## DATASET SECTION:
┄┄┄┄┄┄┄┄┄┄┄┄┄┄┄┄┄┄┄┄

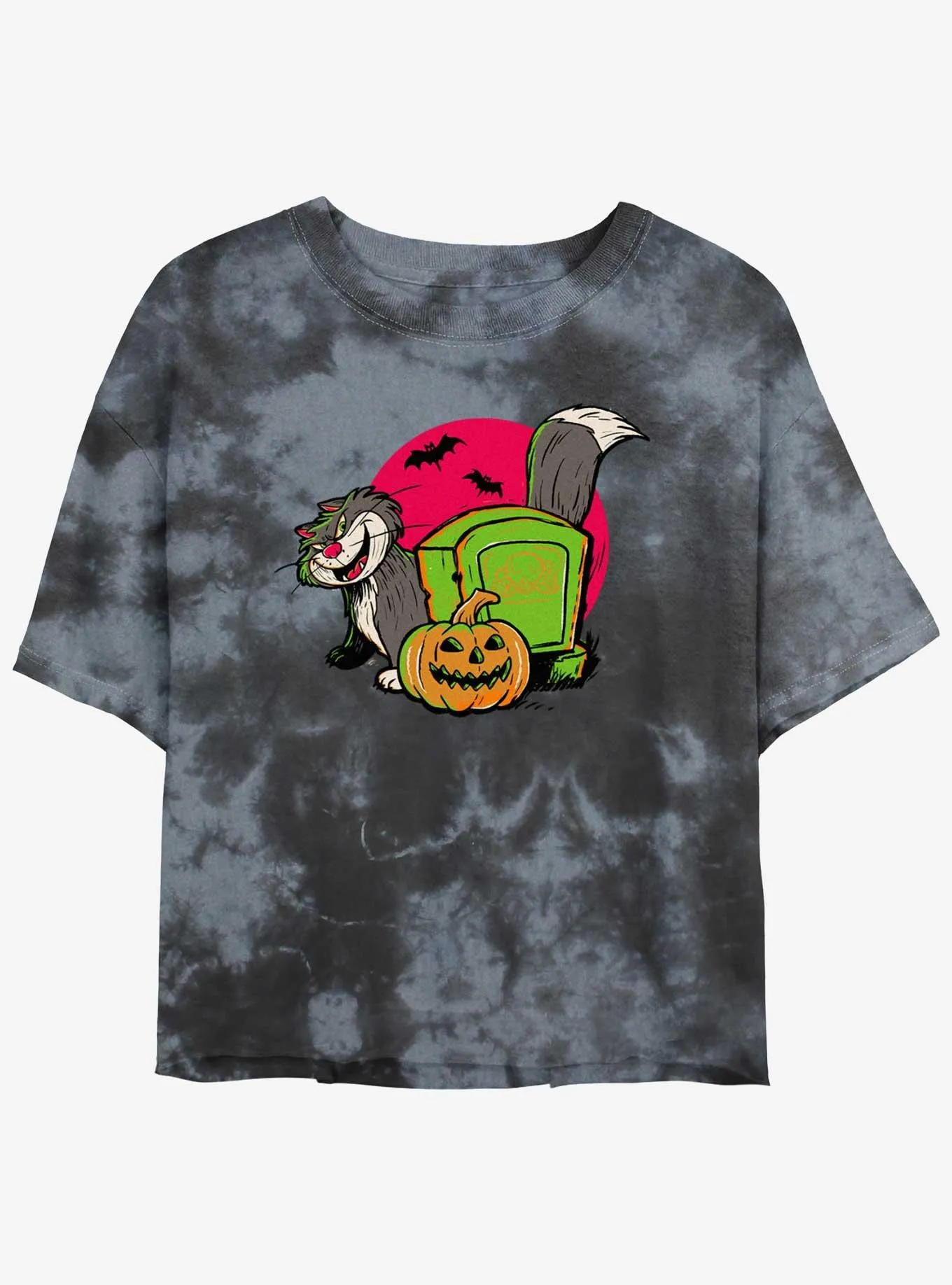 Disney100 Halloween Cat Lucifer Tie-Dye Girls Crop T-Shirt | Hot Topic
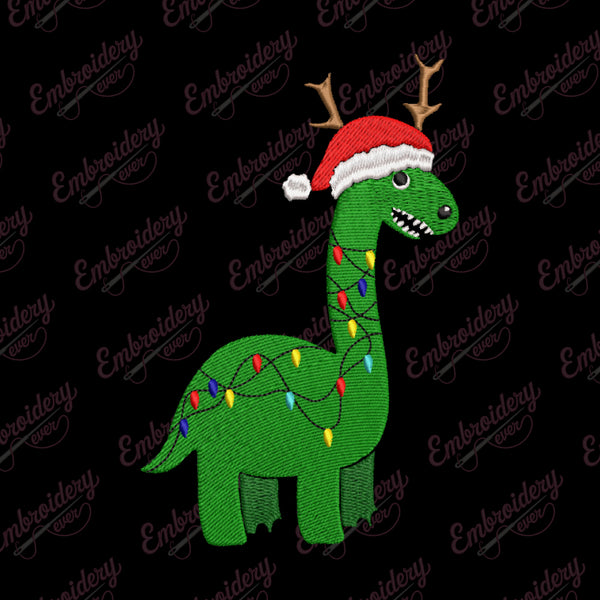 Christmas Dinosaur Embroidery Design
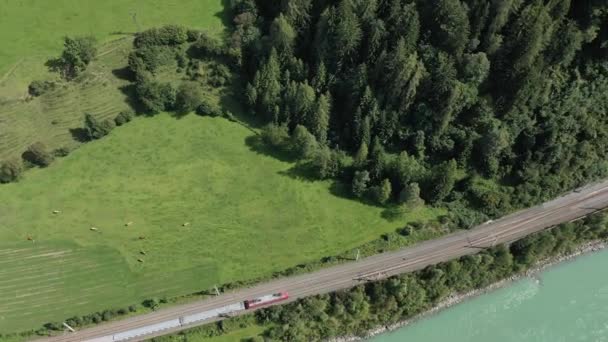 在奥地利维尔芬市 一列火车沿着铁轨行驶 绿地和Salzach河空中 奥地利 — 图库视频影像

┄┄┄┄┄┄┄┄┄┄┄┄┄┄┄┄┄┄┄┄

## EXERCISE PROMPT:
With every picture left out, print exactly the lines from the one containing "Christmas Dinosaur Embroidery Design" through the final line of the material above.

## RESPONSE BELOW:
 Christmas Dinosaur Embroidery Design
 在奥地利维尔芬市 一列火车沿着铁轨行驶 绿地和Salzach河空中 奥地利 — 图库视频影像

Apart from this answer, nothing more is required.